Dirichlet with some excluded

Hello

I would like to use a Dirichlet distribution where some of the entries in each observation are not included. It’s easiest to look through the example.

size = 32, 8
X = np.random.rand(*size) * np.arange(1, size[1]+1)
mask = np.random.rand(*size)>0.2
X = X * mask
X = X / X.sum(1)[:, None]
eps = 1e-6
X = np.clip(X, eps, 1-eps)

def model(X=None):
    unit_mean = numpyro.sample('unit_mean', dist.Normal(0, 1))
    unit_scale = numpyro.sample('unit_scale', dist.Exponential(1))
    unit_pre = numpyro.sample('unit_pre', dist.Normal(0., 1.5).expand([size[1]]))
    unit = numpyro.deterministic('unit_unconstrained', unit_mean + unit_scale*unit_pre)
    unit = numpyro.deterministic('unit', jax.nn.softplus(unit))
    obs = numpyro.sample('obs', dist.Dirichlet(unit), obs=X)
hmc = MCMC(NUTS(model, target_accept_prob=0.95), num_warmup=1000, num_samples=1000, num_chains=4)
hmc.run(random.PRNGKey(0), extra_fields=("z", "energy", "diverging"), X=X)
ppc = Predictive(model, hmc.get_samples())(random.PRNGKey(1), )
idata = az.from_numpyro(hmc, posterior_predictive=ppc)
print(az.summary(idata, var_names=['~pre', '~unconstrained'], filter_vars='regex'))

How can I use mask in the model?

One bulky approach would be to use a separate observed dist.Dirichlet for each row where I could manually remove the entries where mask=False but I am hoping there is a cleaner method you can point me to.

def model2(mask, X=None):
    unit_mean = numpyro.sample('unit_mean', dist.Normal(0, 1))
    unit_scale = numpyro.sample('unit_scale', dist.Exponential(1))
    unit_pre = numpyro.sample('unit_pre', dist.Normal(0., 1.5).expand([size[1]]))
    unit = numpyro.deterministic('unit_unconstrained', unit_mean + unit_scale*unit_pre)
    unit = numpyro.deterministic('unit', jax.nn.softplus(unit))
    for j, (x, mask_row) in enumerate(zip(X, mask)):
        this_loc = unit[mask_row]
        this_X = x[mask_row]
        obs = numpyro.sample(f'obs{j}', dist.Dirichlet(this_loc), obs=this_X)

@nkaimcaudle I guess you can use the mask method: dist.Dirichlet(this_loc).mask(mask).

I would like something that doesn’t require me to create the loop over the rows.
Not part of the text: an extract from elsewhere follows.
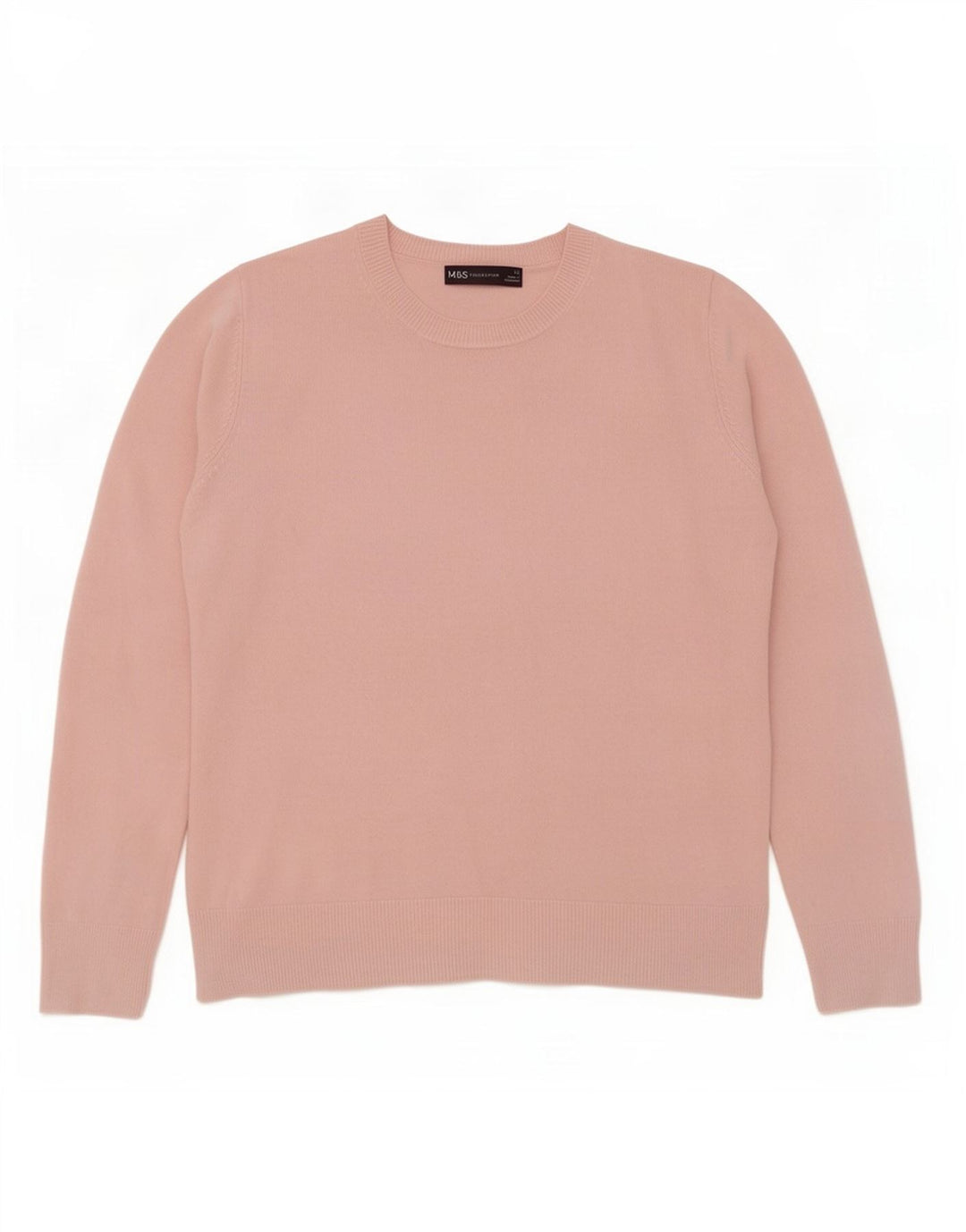 Marks & Spencer Damen-Pullover mit Rundhalsausschnitt, Gr. 12, Mittelrosa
The mask method with loop does work but it is many times slower than the non-loop.

I tried the below but it fails

def model3(mask, X=None):
    unit_mean = numpyro.sample('unit_mean', dist.Normal(0, 1))
    unit_scale = numpyro.sample('unit_scale', dist.Exponential(1))
    unit_pre = numpyro.sample('unit_pre', dist.Normal(0., 1.5).expand([size[1]]))
    unit = numpyro.deterministic('unit_unconstrained', unit_mean + unit_scale*unit_pre)
    unit = numpyro.deterministic('unit', jax.nn.softplus(unit))
    obs = numpyro.sample('obs', dist.Dirichlet(unit).mask(mask), obs=X)
hmc = MCMC(NUTS(model3, target_accept_prob=0.95), num_warmup=1000, num_samples=1000, num_chains=4)
hmc.run(random.PRNGKey(0), extra_fields=("z", "energy", "diverging"), X=X, mask=mask)
ppc = Predictive(model, hmc.get_samples())(random.PRNGKey(1), )
idata3 = az.from_numpyro(hmc, posterior_predictive=ppc)
az.summary(idata3, var_names=['~pre', '~unconstrained'], filter_vars='regex')

the error message is

ValueError: Incompatible shapes for broadcasting: ((100, 8), (1, 100))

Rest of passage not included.